Composition and Premiere
The Köchel-Verzeichnis (Digital Mozart Edition / Mozarteum) dates the 2 Contredanses to Vienna, 5 February 1791.[1] The date strongly suggests a practical destination: Carnival-season dancing, when such short sets were in steady demand. As with many of Mozart’s dances, documentation of a specific first performance is elusive; they were typically played as part of an evening’s continuous sequence of dances rather than presented as stand-alone “premieres” in the modern sense.
One reason K. 603 is more than a mere footnote is its secure place in the catalogue as a complete, finished pair of dances (not a fragment) and its transmission in multiple practical formats. The Mozarteum’s work entry notes that dance cycles often survive in varying scorings—full-orchestra materials, smaller string versions, and keyboard reductions—reflecting how this repertoire circulated and was reused in different venues.[1]
Instrumentation
K. 603 is part of the Viennese Redoutensaal tradition of bright, “public” orchestral dance scoring. Surviving sources associated with the work (as summarized by the Mozarteum’s Köchel entry) attest to orchestral materials that include the following forces:[1]
- Winds: 2 oboes, 2 bassoons, 1 flute (with sources also mentioning piccolo)
- Brass: 2 horns, 2 trumpets (clarini)
- Percussion: timpani
- Strings: violins I & II
- Continuo/Bass: bass part (basso)
Two points deserve comment. First, the scoring aligns with the festive “ballroom orchestra” sound world: trumpets and timpani add ceremonial sparkle, while the winds supply the quick color-changes that keep repeated strains from feeling merely repetitive. Second, the very existence of multiple source descriptions—some emphasizing a “large orchestra,” others reflecting reduced scorings—reminds us that this music was inherently adaptable: its identity lies as much in rhythm, phrase structure, and cue-like orchestration as in any single fixed instrumentation.[1]
Form and Musical Character
A contredanse (English “country dance,” French contredanse) is typically built from short, symmetrical phrases—often four-bar units—meant to support repeated dance figures. The Mozarteum notes this very feature for K. 603: “multiple four-bar groups,” a kind of musical architecture that is plain on the page but offers a composer numerous opportunities for wit and contrast.[1]
Rather than aiming for long-range harmonic drama, these dances trade in immediacy:
- Rhythmic clarity: The beat is unambiguous, with accents and cadences placed to help dancers feel the turns and returns.
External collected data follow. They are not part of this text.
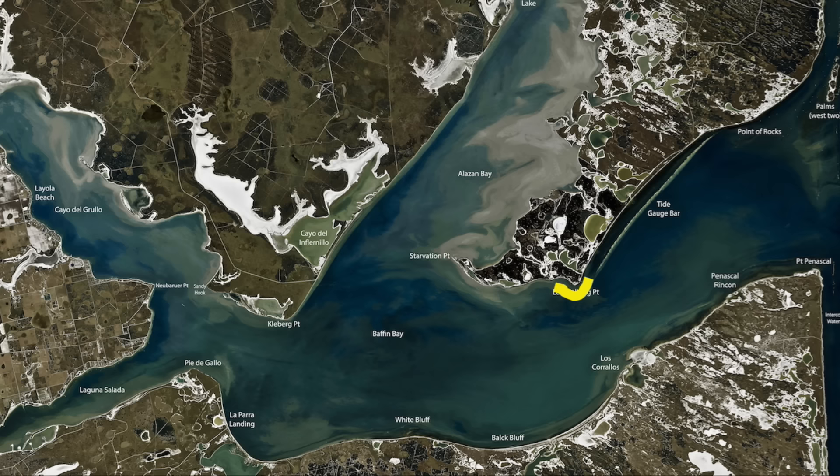The water looks good, it's nice and green. Come in here, wade fishing about waist deep water all up and down this shoreline. And coming back around here behind Starvation Point, there's been some good fish. I've seen a lot of bait in here. So just come in here, work these edges, work these long grass lines, you'll catch plenty of trout.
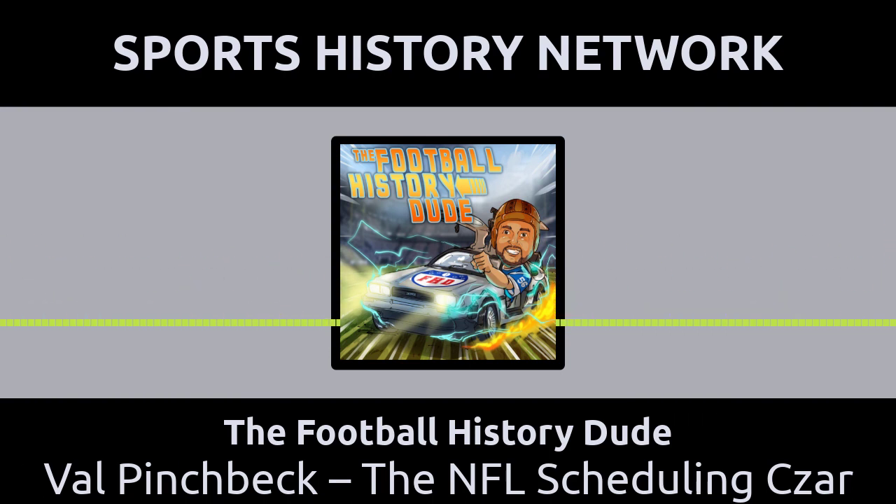But he really cared about the outcome of the schedule. He had so many people to please around the NFL — NFL owners, the fans, city officials, networks — the list goes on and on. From what they're saying, there were hundreds of trillions of options according to the NFL Films video. Pinchbeck's successor said that Val would work 10 to 12 hour days, seven days a week from February all the way to May just to figure out that perfect schedule.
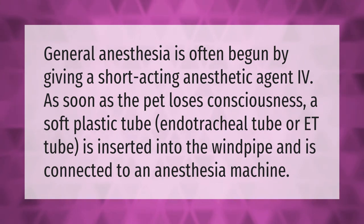A soft plastic tube — an endotracheal tube or ET tube — is inserted into the windpipe and connected to an anesthesia machine.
- Timbre as punctuation: Wind chords, trumpet-timpani flashes, and string figuration can function like stage lighting—brief changes that signal a new strain or heighten a cadence without interrupting the flow.
- Miniature characterization: Even within tight phrase lengths, Mozart can suggest different “social moods”: one dance might feel more outdoorsy and rustic, another more courtly or bright, depending on articulation, register, and orchestral color.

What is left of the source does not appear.